I'm having a bit of trouble understanding exactly how indexing and querying would work if I don't have a smart-client available. I'm using SolrNet with C#, which currently doesn't integrate with ZooKeeper.
As a basic example, let's say I have a single collection, split into two shards, replicated across two separate nodes/servers, and I have a standard HTTP load-balancer in front of the servers (a scenario mentioned here). If I use the standard compositeId router, I believe that indexing would work without issue and be replicated to both nodes by ZooKeeper behind the scenes. I wouldn't need to worry about which node received the "update" command -- ZooKeeper would handle document routing and replication automatically.
However, in this same scenario, would ZooKeeper handle query routing behind the scenes correctly? Given that I'm using built-in sharding and not custom sharding, would a query request to the load-balancer get routed to the correct shard, or would I have to include all known shards in the "shards" parameter (see here) to make sure I don't miss anything? Obviously this would be onerous to maintain as the number of shards grows.
Is seems like custom sharding would provide the greatest efficiency across indexing and querying, although then you run the risk wildly unequal shard sizes. Any thoughts on these matters would be appreciated.

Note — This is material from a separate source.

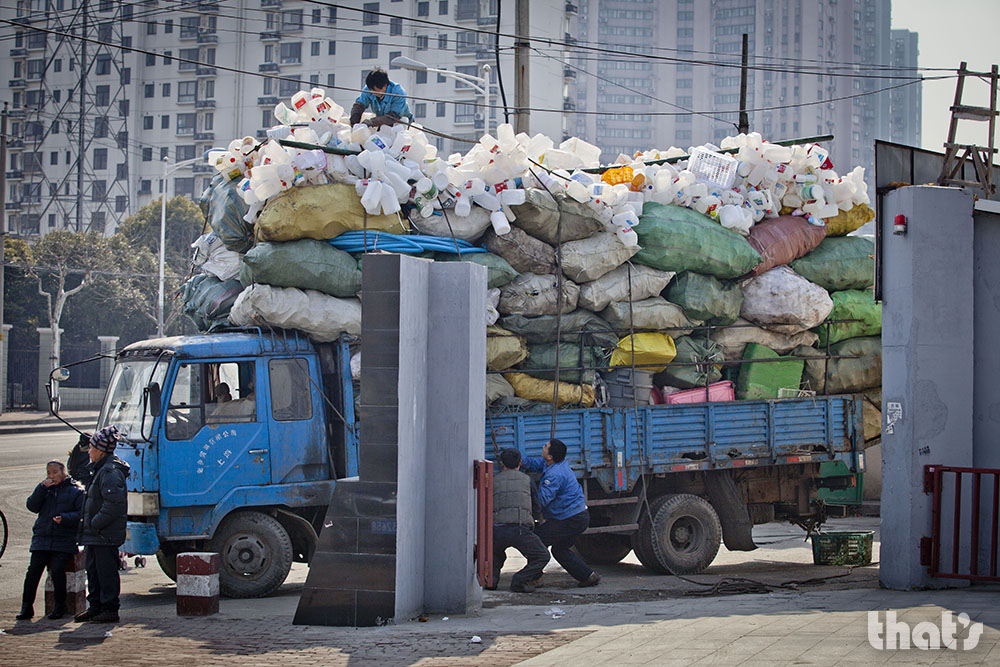 Shanghai trash collection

Lets take the example of a two shard collection, with each shard on a separate node/server.
10.x.x.100:8983/solr/ --> shard 1 / node 1
10.x.x.101:8983/solr/ --> shard 2 / node 2
Using default routing you indexed 100 documents which got split into these two servers and now they have 50 documents each.
If you query any of the two servers for documents, solr will search in both the shards by default. You do not need to specify anything in shards parameter.
So
10.x.x.100:8983/solr/collection/select?q=solr rocks
will run this same query on 10.x.x.101:8983/solr/ also and the results returned will be a combination of results from both shards, sorted and ranked by score.
The &shards parameter comes into picture when you know which "group" of data is in which shard. For example using the above example, you have custom routing enabled and you use the field "city" to route the documents. For sake of example, lets assume there can be only two values for "city" field. Your documents will be routed to one of the shards based on this field.
On your application side, if you want to specifically query for documents belonging to a city, you can specify the &shard parameter, and all the results for the query will be only from that shard.

Related

Load balancing and indexing in SolrCloud

I have some questions regarding SolrCloud:
If I send a request directly to a solr node, which belons to a solr cluster, does it delegate the query to the zookeeper ensemble to handle it?
I want to have a single url to send requests to SolrCloud. Is there a better way of achieving this, than setting up an external load balancer, which balances directly between individual solr nodes? If 1 isn't true, this approach seems like a bad idea. On top I feel like it would somewhat defeat the purpose of zookeeper ensemble.
There is an option to break up a collection in shards. If I do so, how exactly does SolrCloud decide which document goes to which shard? Is there a need and/or an option to configure this process?
What happens if I send a collection of documents directly to one of the solr nodes? Would the data set somehow distribute itself across the shards evenly? If so, how does it happen?
Thanks a lot!
Zookeeper "just" keeps configuration data available for all nodes - i.e. the state of the cluster, etc. It does not get any queries "delegated" to it; it's just a way for Solr nodes and clients to know which collections are handled by which nodes in the cluster, and have that information be stored in resilient and available manner (i.e. dedicate the hard part out of managing a cluster to Zookeeper).
The best is to use a cloud aware Solr client - it will connect to any of the available Zookeeper nodes given in its configuration, retrieve the cluster state and connect directly to one the nodes that has the information it needs (i.e. the collection it needs to query). If you can't do that, you can either load balance with an external load balancer across all nodes in your cluster or let the client load balance if the client you use supports round robin, etc. - but having an external load balancer gives you other gains (such as being able to remove a node from load balancing for all clients at the same time, having dedicated http caching in front of th enodes, etc.) for a bit more administration.
It will use the unique id field to decide which node a given document should be routed to. You don't have to configure anything, but you can tell Solr to use a specific field or a specific prefix of a field, etc. as the route key. See Document Routing. for specific information. It allows you to make sure that all documents that belong to a specific client/application is placed on the same node (which is important for some calculations and possible operations).
It gets routed to the correct node. Whether that is evenly depends on your routing key, but by default, it'll be about as even as you can get it.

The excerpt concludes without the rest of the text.